EXERCISE DIRECTIONS:
Reproduce the entries that follow exactly, dropping each image.
---------- RAW DATA ----------
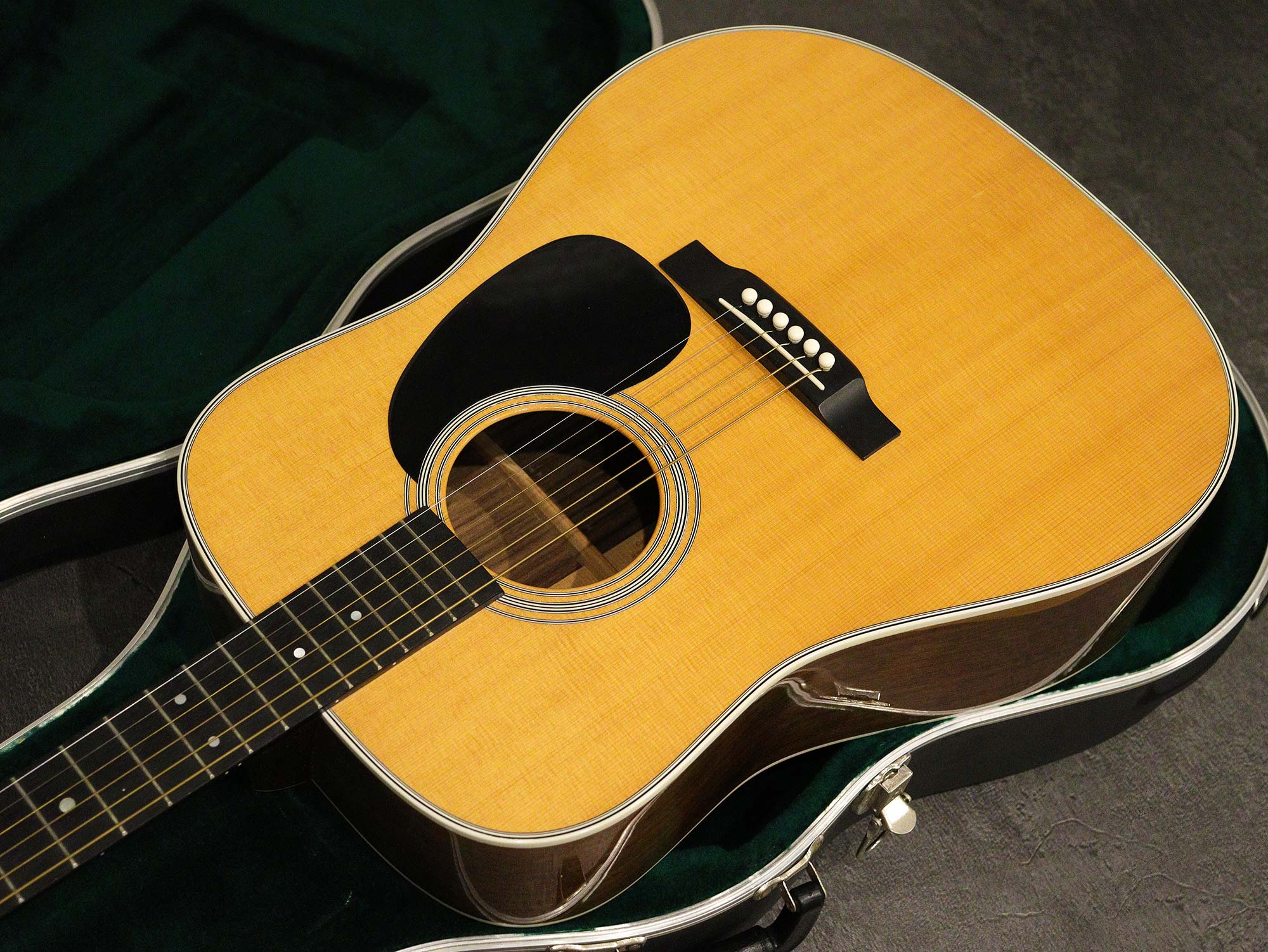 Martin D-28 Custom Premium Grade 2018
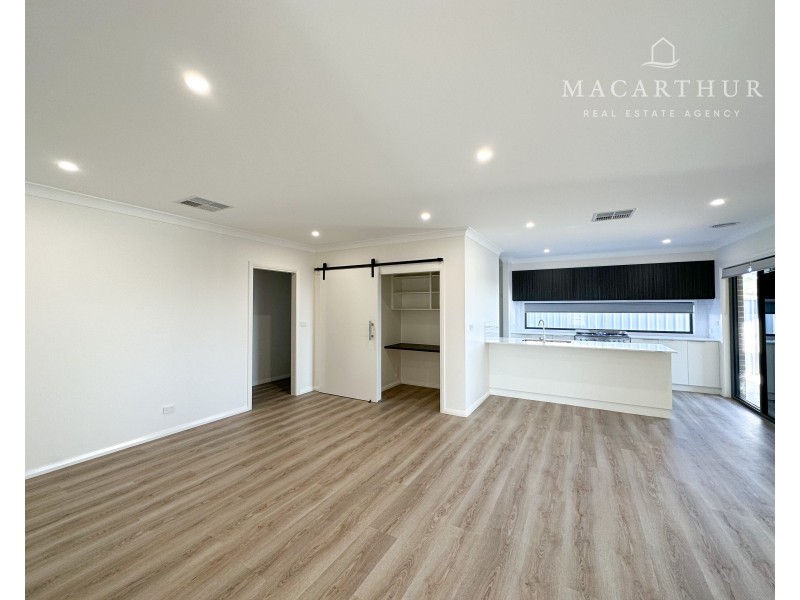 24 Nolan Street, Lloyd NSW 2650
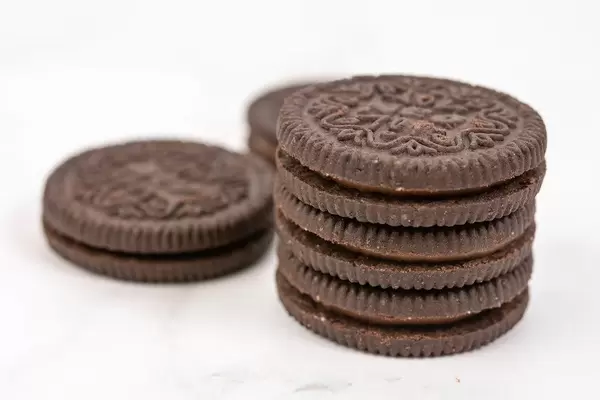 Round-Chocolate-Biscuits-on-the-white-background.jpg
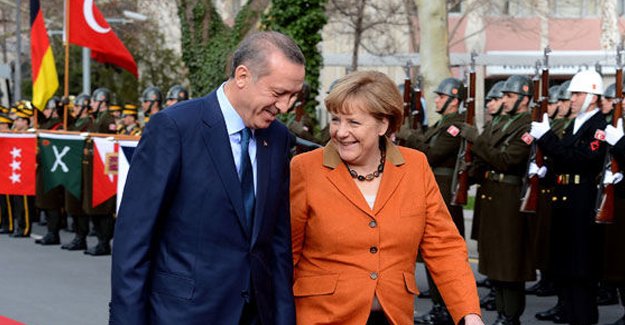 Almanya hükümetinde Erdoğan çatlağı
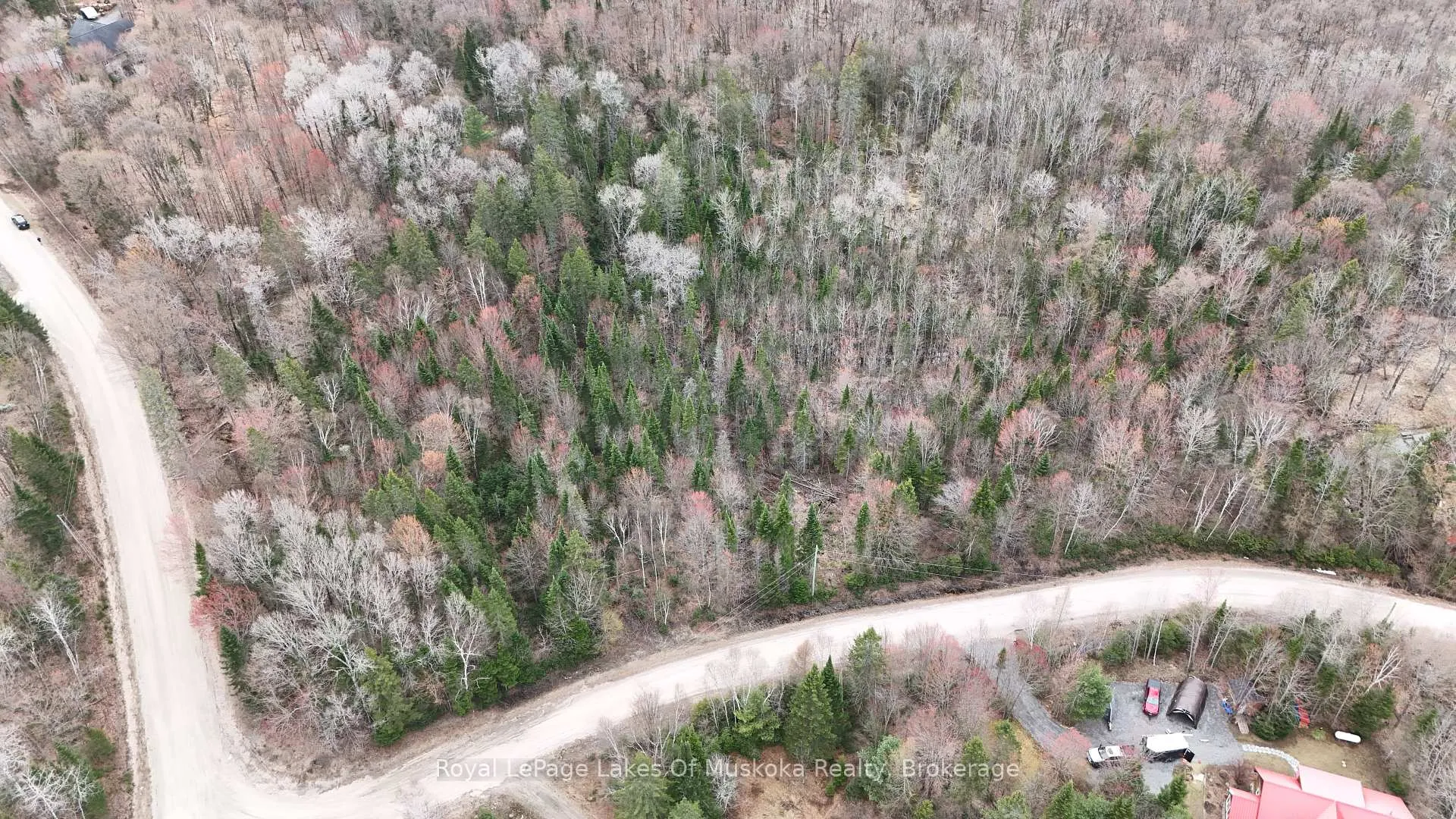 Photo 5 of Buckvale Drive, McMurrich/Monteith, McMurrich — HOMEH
----------
TASK RESULT:
 Martin D-28 Custom Premium Grade 2018
 24 Nolan Street, Lloyd NSW 2650
 Round-Chocolate-Biscuits-on-the-white-background.jpg
 Almanya hükümetinde Erdoğan çatlağı
 Photo 5 of Buckvale Drive, McMurrich/Monteith, McMurrich — HOMEH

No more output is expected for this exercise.